My dataframe contains 13 columns and rows. I want to take the 99.5th percentile of each column and I used percentile_approx hive UDAF as suggested in https://mail-archives.apache.org/mod_mbox/spark-user/201510.mbox/%3CCALte62wQV68D6J87EVq6AD5-T3D0F3fHjuzs+1C5aCHOUUQS8w@mail.gmail.com%3E . I am trying to collect the percentile values of the 13 columns to a dictionary. The collect operation is showing only 1 task and the task is idle for a long time, after which I killed the job.
PYSPARK CODE:
query=''
for col in mergedKpis.columns[1:]:
query = query+"percentile_approx("+col+",array(0.005,0.995)) as " +col+","

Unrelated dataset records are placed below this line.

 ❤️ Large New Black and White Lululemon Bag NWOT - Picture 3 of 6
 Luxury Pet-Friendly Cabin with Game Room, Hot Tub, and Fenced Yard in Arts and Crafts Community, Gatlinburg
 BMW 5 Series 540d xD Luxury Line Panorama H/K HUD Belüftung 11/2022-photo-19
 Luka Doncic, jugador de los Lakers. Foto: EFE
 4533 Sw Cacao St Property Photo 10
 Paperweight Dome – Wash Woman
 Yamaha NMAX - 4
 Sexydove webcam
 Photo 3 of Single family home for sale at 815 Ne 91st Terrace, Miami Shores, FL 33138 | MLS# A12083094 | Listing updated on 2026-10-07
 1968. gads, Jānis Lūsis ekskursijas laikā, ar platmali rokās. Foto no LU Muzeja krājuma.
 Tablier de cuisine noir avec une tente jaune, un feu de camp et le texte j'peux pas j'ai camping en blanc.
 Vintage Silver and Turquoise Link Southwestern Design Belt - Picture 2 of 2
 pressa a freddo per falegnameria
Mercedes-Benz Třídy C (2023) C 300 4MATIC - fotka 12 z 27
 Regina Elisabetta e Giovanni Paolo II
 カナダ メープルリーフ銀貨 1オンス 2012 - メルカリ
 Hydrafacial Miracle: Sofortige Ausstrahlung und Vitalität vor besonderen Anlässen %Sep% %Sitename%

percentile_dict = sqlContext.sql("select "+query.strip(',')+" from input_table")\
.rdd.map(lambda j:j.asDict()).collect()
SCALA CODE:
var query=""
for (col <- mergedKpis.columns.tail) {
query=query+",percentile_approx("+col+",array(0.005))
}
sqlContext.sql("select "+query.replaceFirst(",","")+" from input_table").collect()
Scala code is also showing the same UI as python code.
I tried running the same query for one column in a 15MB file and it took 6sec,and the time is increasing non-linearly with the file size.
I found a function to find the percentile of an RDD at compute percentile But I cannot convert each column to a RDD and use the computePercentile().
Can anyone tell me how to solve this issue?